Los ojos de Langdon se encontraron con los del director.

—La policía. Usted me envió un fax acerca de un homicidio. Tiene que haber llamado a la policía.

—Por supuesto que no.

—¿Cómo?

Los ojos grises de Kohler se hicieron más penetrantes.

—La situación es complicada, señor Langdon.

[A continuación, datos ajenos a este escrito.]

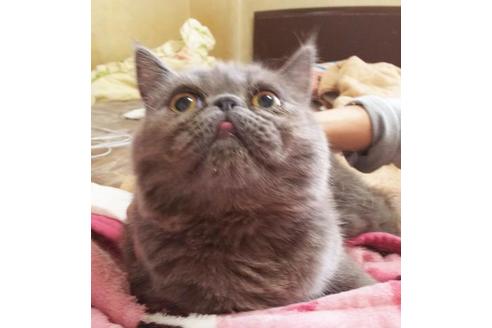 成約済の愛知県のエキゾチックショートヘア-6447の1枚目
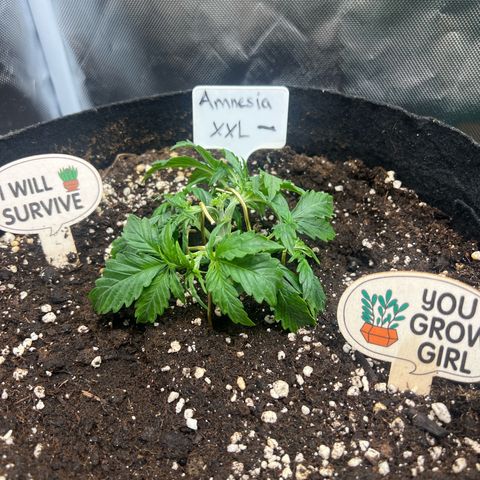 Amnesia XXL - growlog photo: LST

Langdon sintió una oleada de aprensión. —Pero... ¡alguien más se habrá enterado!

—Sí. La hija adoptiva de Leonardo. También trabaja como física aquí. Ella y su padre comparten el laboratorio. Son compañeros. La señorita Vetra se ausentó esta semana para llevar a cabo investigaciones de campo. Le he comunicado la muerte de su padre, y se halla de camino en este momento.

—Pero un hombre ha sido ase...

—Tendrá lugar una investigación oficial —afirmó Kohler—. Sin embargo, eso significará un registro a fondo del laboratorio de Vetra, un espacio que su hija y él consideraban absolutamente privado. Por consiguiente, esperaremos a que la señorita Vetra llegue. Creo que le debo esa pequeña muestra de discreción.

Kohler giró la llave.

Cuando la puerta se abrió, una ráfaga de aire helado siseó y alcanzó a Langdon en plena cara. Retrocedió, confuso. Estaba contemplando el interior de un mundo extraño. El piso estaba inmerso en una espesa niebla blanca. La niebla remolineaba formando vórtices humeantes alrededor de los muebles, como una mortaja que envolviera la habitación en una neblina opaca.